### Work request
Output only the lines from the line holding "Gamepad on abstract" through the close of the records, exactly as they appear, with all pictures omitted.
------ Records for the exercise
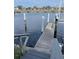Dock view shows waterfront access with private boat slip and dock steps at 1340 Rock Dove Ct # 143, Punta Gorda, FL 33950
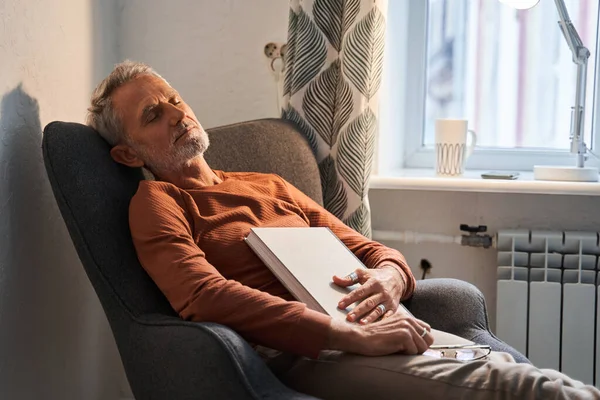 Втомився зрілий чоловік спить біля крісла з книгою на грудях після читання — стокове фото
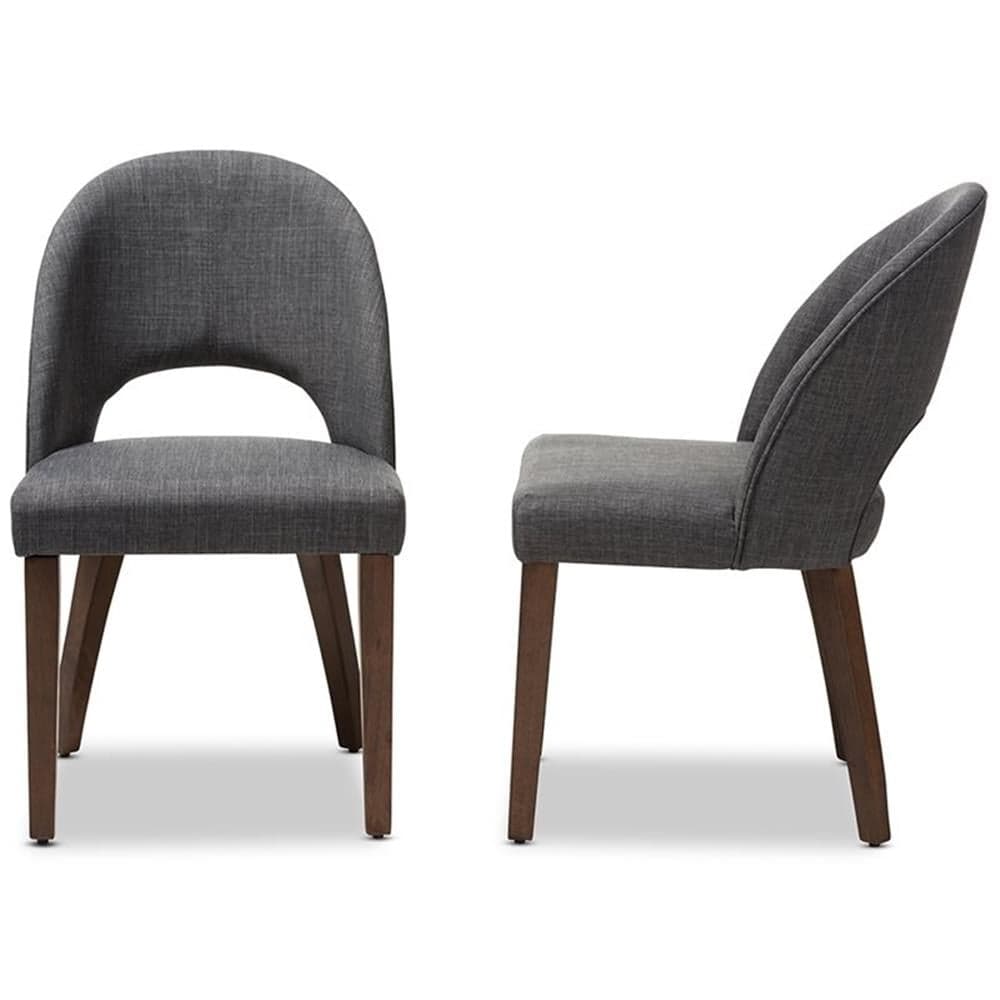 A contemporary dining chair upholstered in dark gray fabric, featuring a curved backrest with a distinct lower back cutout, supported by four tapered dark brown wooden legs. The image shows two chairs, one from the front and one from the side, highlighting their modern design. — 3D model
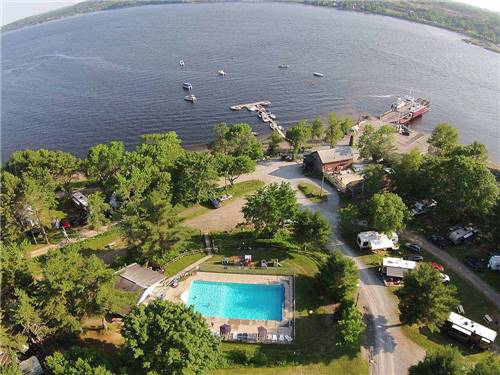 Aerial view of beautiful pool, woods, and lake with boats at HARDINGS POINT CAMPGROUND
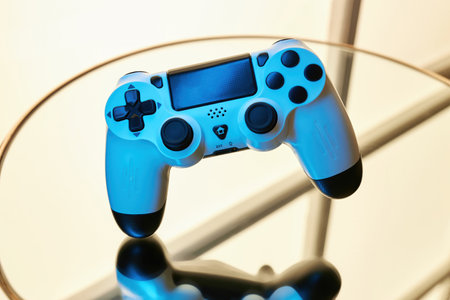 Gamepad on abstract background with light effects. Gamer and Game concept. Gaming background with copy spaceの写真素材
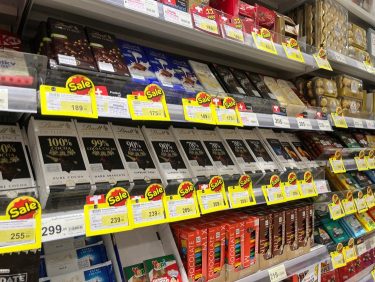 Csokoládék sorakoznak egy üzlet polcán, akciós címkékkel és védelmi megoldásokkal ellátva.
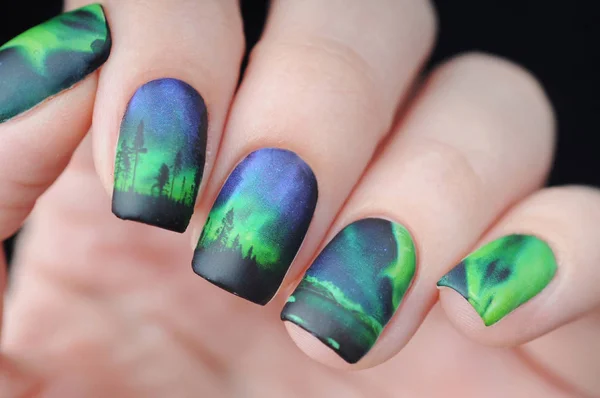 Manicure with northern lights print in blue and green 로열티 프리 스톡 이미지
------------
### Written response
 Gamepad on abstract background with light effects. Gamer and Game concept. Gaming background with copy spaceの写真素材
 Csokoládék sorakoznak egy üzlet polcán, akciós címkékkel és védelmi megoldásokkal ellátva.
 Manicure with northern lights print in blue and green 로열티 프리 스톡 이미지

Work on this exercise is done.